##### EXTRACTED DATA #####
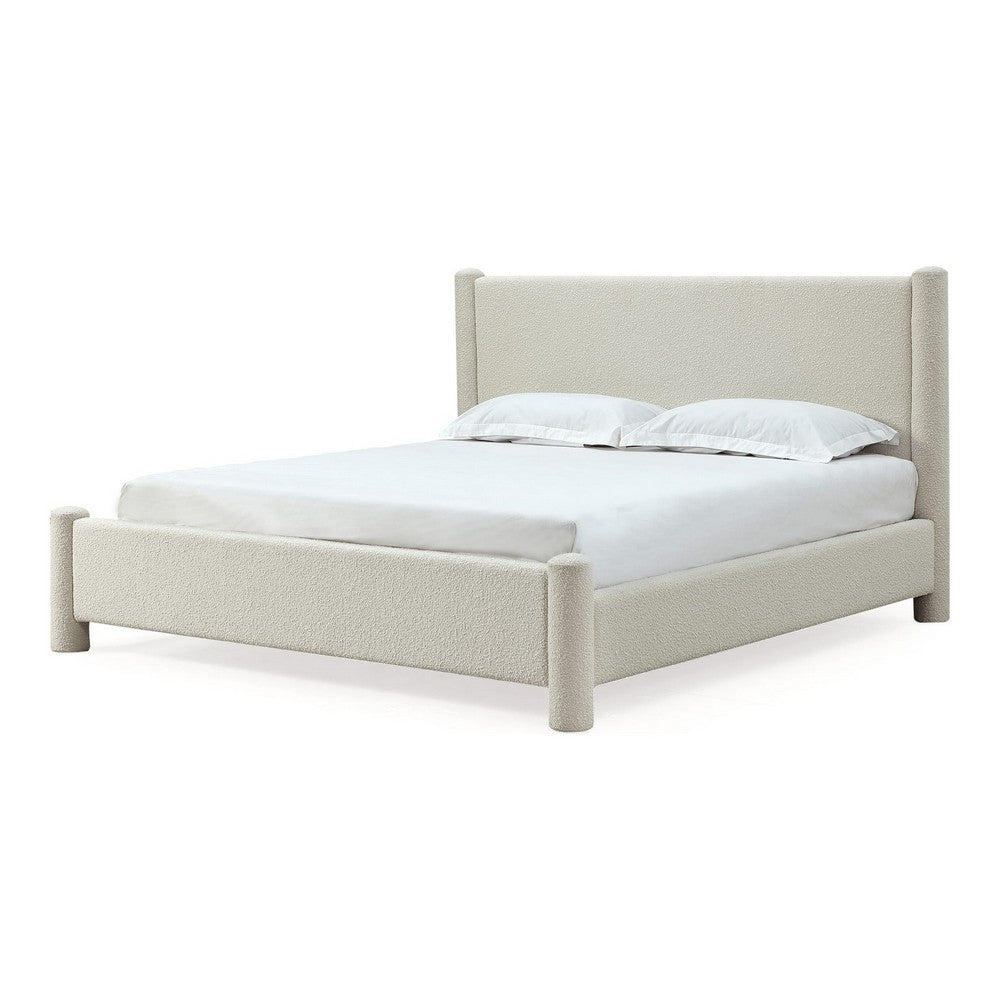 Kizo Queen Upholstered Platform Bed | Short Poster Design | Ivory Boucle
#####
##### EXTRACTED DATA #####
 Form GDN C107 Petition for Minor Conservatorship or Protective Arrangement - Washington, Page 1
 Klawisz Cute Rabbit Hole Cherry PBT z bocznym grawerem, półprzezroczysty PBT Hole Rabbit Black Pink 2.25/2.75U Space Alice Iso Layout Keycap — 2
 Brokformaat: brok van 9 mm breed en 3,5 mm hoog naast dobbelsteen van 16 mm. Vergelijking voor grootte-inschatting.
#####
##### EXTRACTED DATA #####
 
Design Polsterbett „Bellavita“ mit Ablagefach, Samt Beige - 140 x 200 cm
#####
GOAL OF THE EXERCISE: Every line above from the line with "Klawisz Cute Rabbit" to the line with "Brokformaat: brok van" is wanted, ends included; write them out exactly and add no other line.

PROBLEM SOLUTION:
 Klawisz Cute Rabbit Hole Cherry PBT z bocznym grawerem, półprzezroczysty PBT Hole Rabbit Black Pink 2.25/2.75U Space Alice Iso Layout Keycap — 2
 Brokformaat: brok van 9 mm breed en 3,5 mm hoog naast dobbelsteen van 16 mm. Vergelijking voor grootte-inschatting.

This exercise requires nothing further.